I agree, however, that the time has come to make a change. We should bear in mind that in 1842, when these property and money qualifications were specified, taxation was at a very much lower rate than it is today and it was very much easier, out of a reasonable earned income, to accumulate the savings necessary to give one the qualifications required. Those days are past. In the years to come, with further Tory Chancellors, taxation no doubt will be lowered and once more the possibility of saving will emerge. Meantime I agree entirely with what the hon. and learned Gentleman has said, and I hope that his words and his arguments will bear fruit in what the Financial Secretary has to say.

Mr. Simon

When the hon. and learned Gentleman the Member for Kettering (Mr. Mitchison) and my hon. Friend the Member for Portsmouth, Langstone (Mr. Stevens) are in alliance, particularly when they are reinforced by the authority of the Royal Commission, it is difficult to withstand their arguments.

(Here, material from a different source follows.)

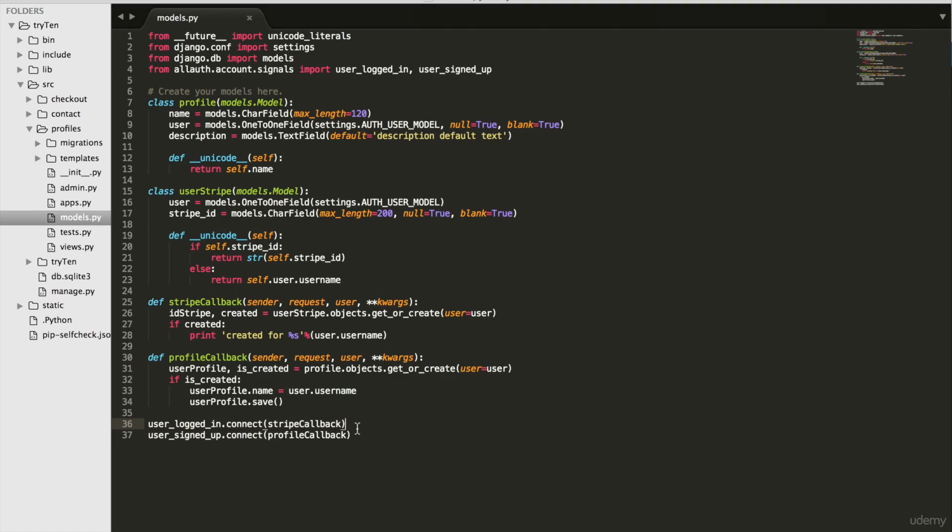When a user logs in, Stripe callback creates a blank Stripe ID. I want to give that user a real Stripe ID.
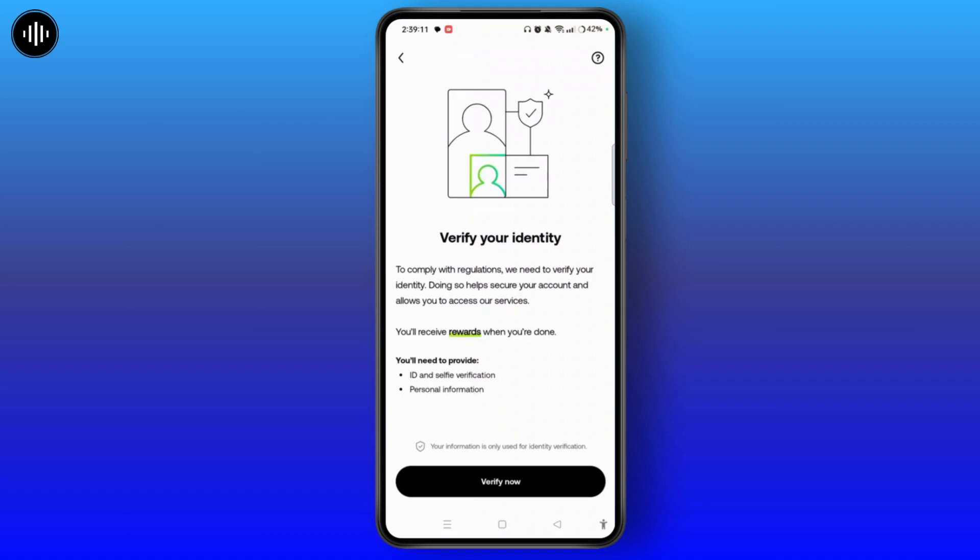Now you will be taken to this section where you will need to provide ID and selfie verification and personal information in order to verify your OKEx account. So tap verify now button.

The arguments are really incontrovertible. In the first place, a property qualification of any kind these days in this type of appointment can hardly be defended. Secondly, as the hon. and learned Gentleman pointed out, the existing property qualifications are, in any event, in the highest degree anomalous. In view of what I shall say, it is perhaps unnecessary for me to assure him that a £ Scots is worth one-twelfth of £1 sterling. That is only one of many oddities in the property qualifications between the two countries.

Mr. Mitchison

I would like to tell the hon. and learned Gentleman that I ascertained this from the Chancellor of the Exchequer a day or two after the Solicitor-General, as he then was, expressed his inability to give an opinion on the matter.

Mr. Simon

I am sorry to have told thing he knew already.

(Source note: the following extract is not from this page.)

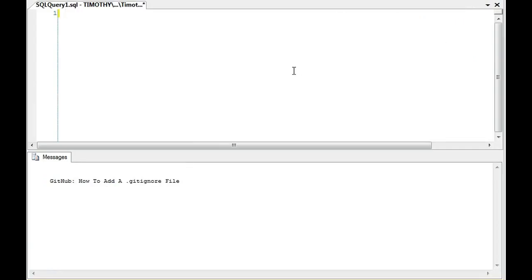So how to add the .gitignore file? Go to Notepad, Save As, Save As type all files, .gitignore, and make sure you're under the repository that you want to add it to.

Thirdly, as I indicated, this is a matter on which the Royal Commission has made a recommendation and, as I said on the previous Amendment, that is a factor to which we ought to attach great importance and considerable respect without, of course, letting it impair our judgment on any proposal.

Having said that, however, I will ask the hon. and learned Gentleman to withdraw his Motion and Clause. In the first place, it cannot be accepted as it stands. There are a number of references elsewhere in the Income Tax Acts to the property qualification, which would need revision if Part III of the First Schedule were repealed as suggested. Secondly, I think the property qualification ought to be dealt with in a wider context. We want also to deal with the method of appointment, which the hon. and learned Gentleman, on the edge of the rules of order as he put it, referred to, and also we want to deal with the payment of expenses of the General Commissioners of Taxation.

We propose to deal with this in the context of the Tribunals and Inquiries Bill, although it will be an Amendment of the Finance Act. I think that will relieve part of the pressure on the Report stage of this Bill, and it falls, I am assured, within the scope of the Tribunals and Inquiries Bill. For those reasons, assuring the hon. and learned Gentleman that we unreservedly accept the intention of this Clause, namely, that the property qualification of the General Commissioners shall disappear from our law, I hope he will not press the Motion.

Mr. Mitchison

Thanking, as I do, the hon. and learned Gentleman for what he has said, and rejoicing for myself that he proposes to cover a rather wider field than one could conveniently do in this Clause, and only anxious lest between us we are putting rather more work on his learned advisers who, at this time of the year are particularly busy, I beg to ask leave to withdraw the Motion.

Motion and Clause, by leave, withdrawn.